Denton noted that many of his favorite stories, which usually focus on media gossip, don’t take off the way geekier, more gadget-focused posts do. Among Gawker’s blogs, the “geek sites” Gizmodo, Lifehacker, Kotaku, io9, and Jalopnik draw twice as much traffic altogether as the gossip sites, including Gawker itself.
“I’ve created this monster,” Denton told the New Yorker’s Ben McGrath. “Neither the stories that I like nor the writers that I like are rewarded.”
Keep in mind that one of the underlying themes of the piece, as with any Denton profile, is the way he cultivates a specific image of himself. (Yes, it’s kind of meta.) So there may be a deliberateness to the soundbite — it could be Denton’s way of saying, “Yes, even I must bend to the will of the readers. Those bastards.”
Even the geeky hits have a touch of Denton’s beloved gossip mongering. Gawker Media’s biggest story ever came when gadget blog Gizmodo purchased an iPhone 4 prototype from someone who found the device in a bar, a move that was controversial among traditional journalists. (For a month or so, anytime I talked to other tech writers, we’d ask each other whether we’d have paid for the phone, or if we found it unethical — I usually waffled.)
Another big hit came when Gawker’s Ryan Tate (who replaced my current boss Owen Thomas as Gawker’s Silicon Valley writer) published paparazzi photos of Facebook chief executive Mark Zuckerberg, declaring, “Mark Zuckerberg’s Age of Privacy Is Over.”
A good portion of the Denton profile is devoted to an overview of his biography, but it includes a few more details about Gawker’s revenue and future:
- Here are all of Gawker’s sites, ranked in order of descending popularity: Gizmodo, Gawker, Lifehacker, Kotaku, Deadspin, Jezebel, io9, Jalopnik, and Fleshbot.
- Altogether, Gawker blogs attract 450 million pageviews per month.
- Denton now estimates that for a site to be financially “viable”, it must attract at least 20 million monthly pageviews.
- Gawker is preparing a redesign (already viewable as a beta test) that focuses on popular content rather than presenting stories in reverse chronological order.
- Gawker Media earns between $15 and $20 million in revenue annually.
- Denton owns between 60 and 70 percent of the company.

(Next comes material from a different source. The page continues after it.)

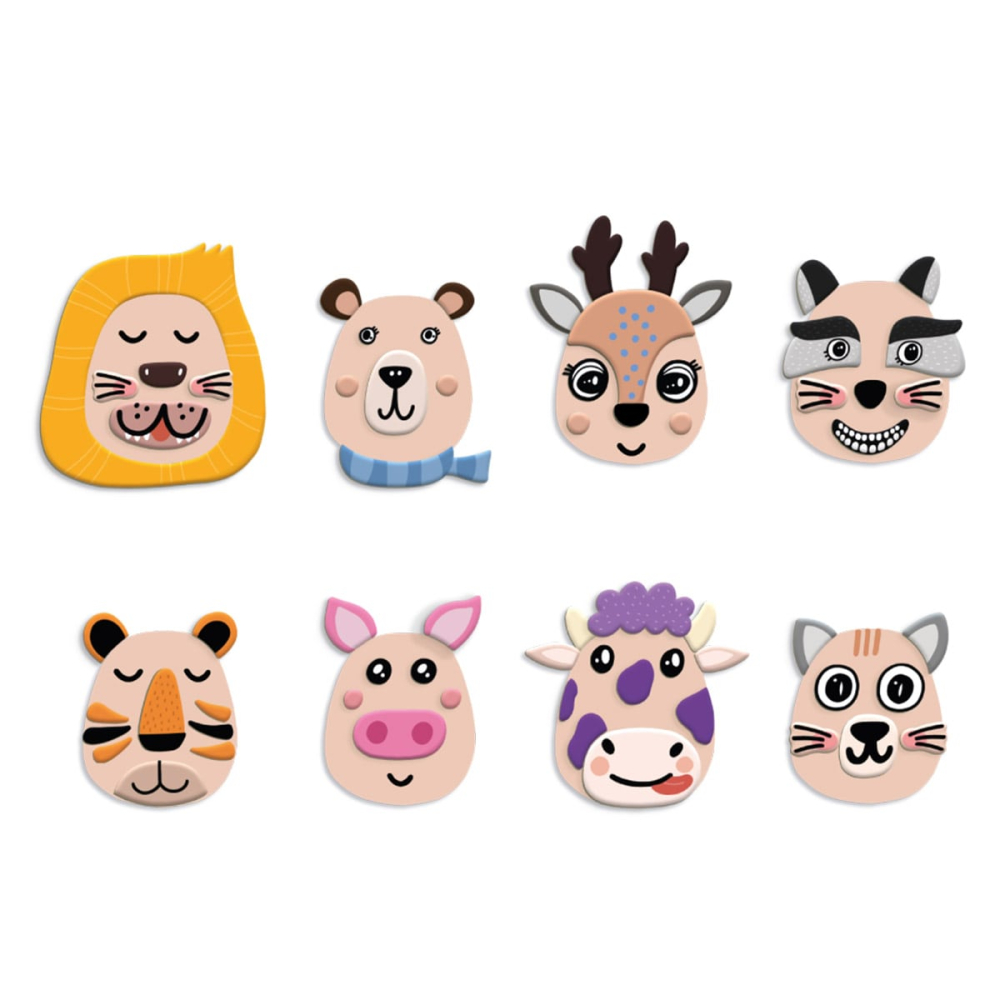 Animalute amuzante, set magnetic 77 de piese, varsta 3-7 ani [2]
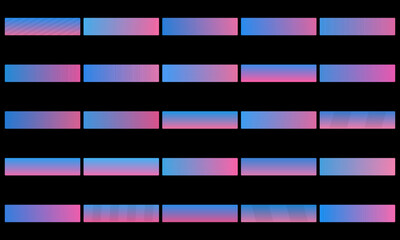 Abstract gradient stripes background in blue and pink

He tries to buy back stock from employees “every so often”.
- In his last round of buybacks earlier this year, Denton valued the company at $30 million.
- Denton on Gawker’s long-term potential:
Maybe this is like Craigslist, where billions of dollars of value is destroyed, and only a tiny fraction of that is actually captured by the new winners. Or you could look at it like this is the early days of cable. You know, cable took a long time to get off the ground. But then, once you’ve got the franchise established, if you own MTV or the sci-fi channel, at some point it really starts to kick in.